Maka, hambok ben Gusti Allah memakai ke Maha MuliaanNya untuk mengkriteriakan diri sendiri kesanggupan & keberhakan diatas yang dipikirkan makhluk-Nya. Sementara bila ditanya, seseorang mana yang lebih baik mengerjakan amal ini akan tetapi maksiat itu, atau berbuat maksiat ini tetapi beramal itu, kira-kira Tuhan sayang yang mana ya, orang yang mengerjakan A atau B atau C yang tidak mengerjakan sama sekali keduanya? Jawabannya sederhana, Gusti Allah memakai sifatnya Ar-rahmaan, yang Maha Penyayang, memakai segala kelebihan & kemurahannya sudah berkomitmen untuk menyayangi / merahmati seluruh makhluk & hambanya di dunia ini baik yang anggun maupun yang kurang anggun, baik yang beramal sholih atau yang bermaksiat & munkar, sehingga hambok uwes gak perlu kita mengkotak-kotak pertanyaan yang daripada yang mana tidak ada yang ditanyakan.

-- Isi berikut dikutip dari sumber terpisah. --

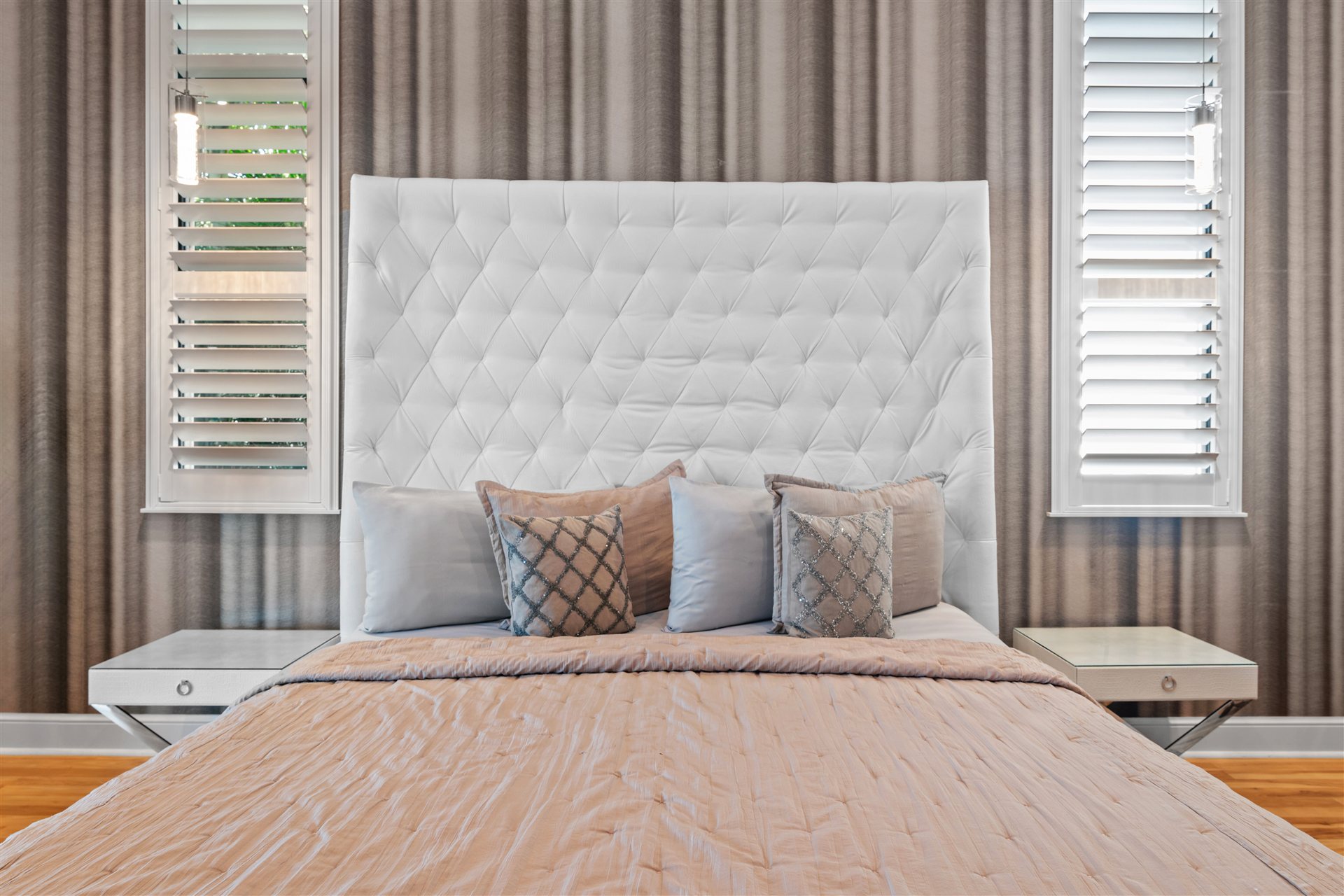 Kingsize-Bett im Master-Schlafzimmer mit Kissen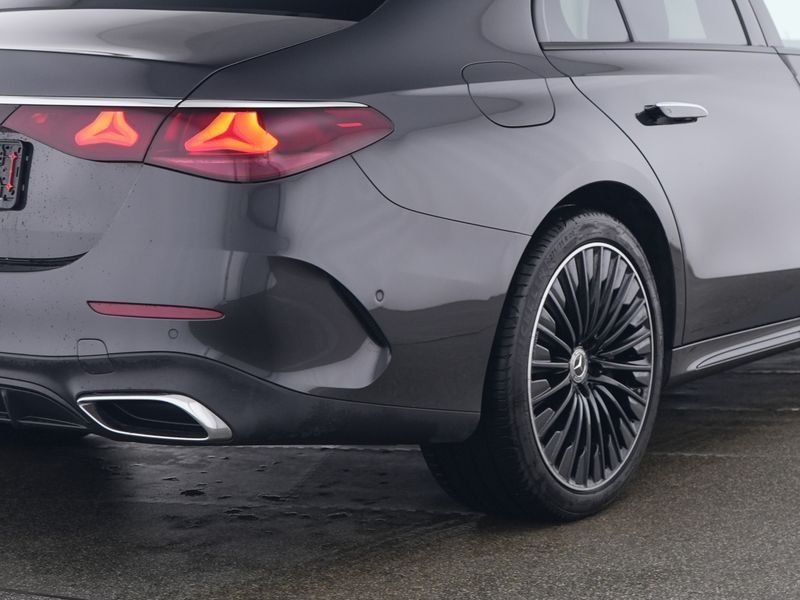 Mercedes-Benz E 300 2024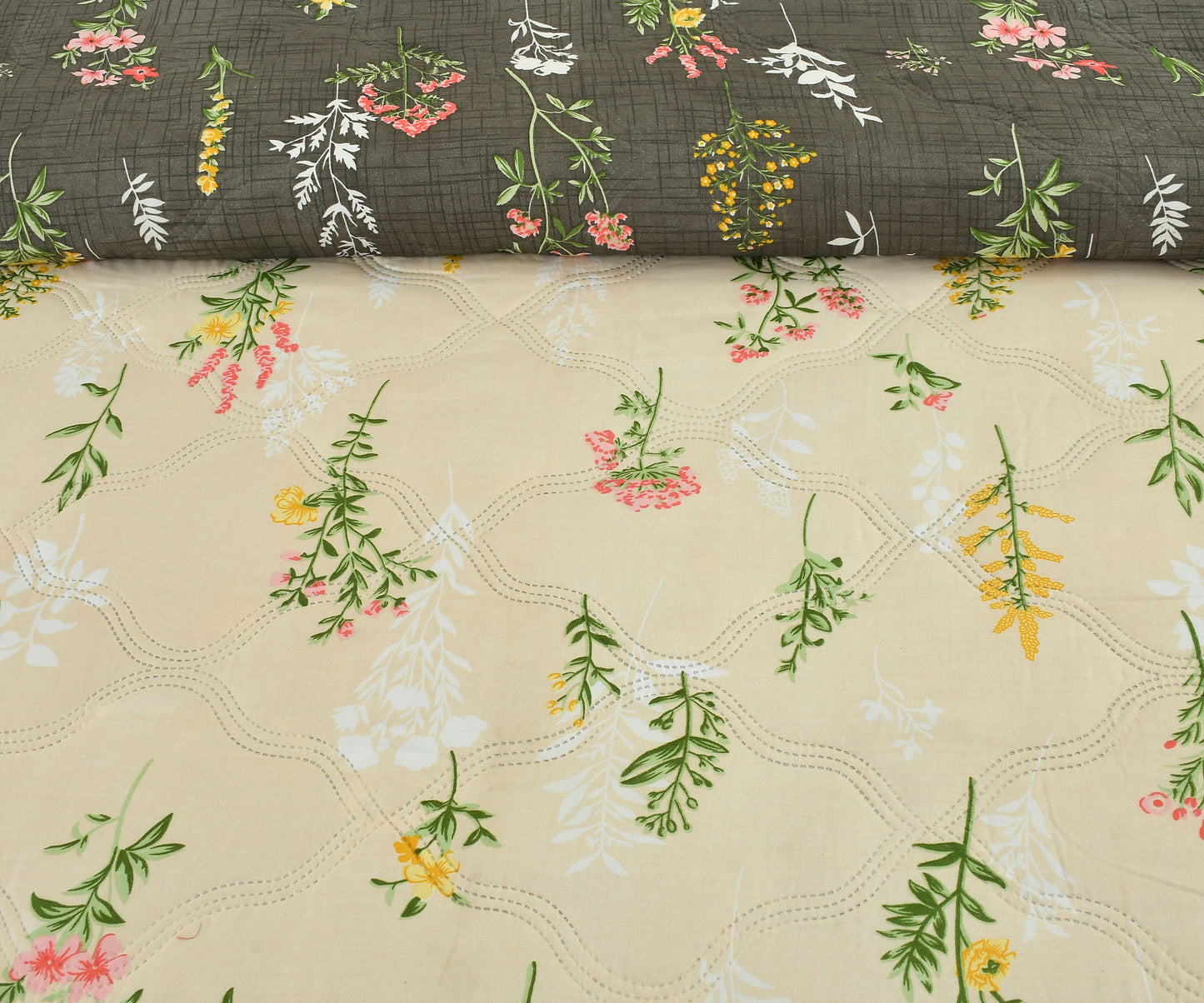 Furnofy 200 GSM Premium King Size Reversible Comforter/Quilt (220x224 cm) - Microfiber, Pack of 1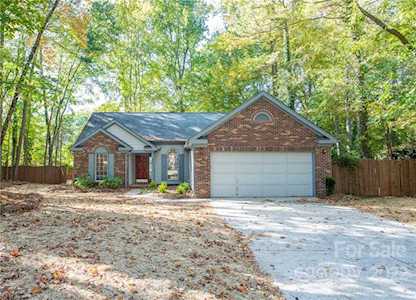 202 Aurora Ln Huntersville, NC 28078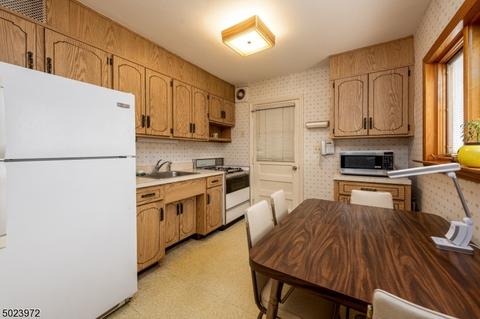 1559 Barton Rd, Union, NJ 07083 photo 4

Ngene wae gampang njelaske, sekarang tolong beranjak menurut wilayah kita masing-masing untuk sementara, keluar & arahkan pandangan ke atas, iya kelangit luas memakai bintang-bintang berkelap-kelip itu, akankah kita sanggup menyia-nyiakan curahan rahmat Tuhan yang begitu luas & tidak terhitung tanpa membalas atau bahkan mengabaikannya? Pendek tutur bila kita mau sholat kemudian melihat orang ketabrak, ya tolong dulu orang baru kemudian sholat, atau ditanya sholat rajin akan tetapi korupsi, ya dijawab ya sholat & hentikan korupsi (jikalau njenengan memahami laporkan KPK), itulah bentuk konkret kita membalas rasa sayang Gusti Allah, memakai menyayangi sesama makhluk & menjalankan permintaanNya.
Akhirnya, bila kita bisa membalas & menterjemahkan Ar-rahman Nya, maka Gusti Allah akan menawarkan rasa Kasihnya memakai yang lebih dahsat lagi kepada kita seluruh sebagaimana sifat Ar-Rakhiim yang dimilikinya, di kelak yaumul kiyamah, insya Allah.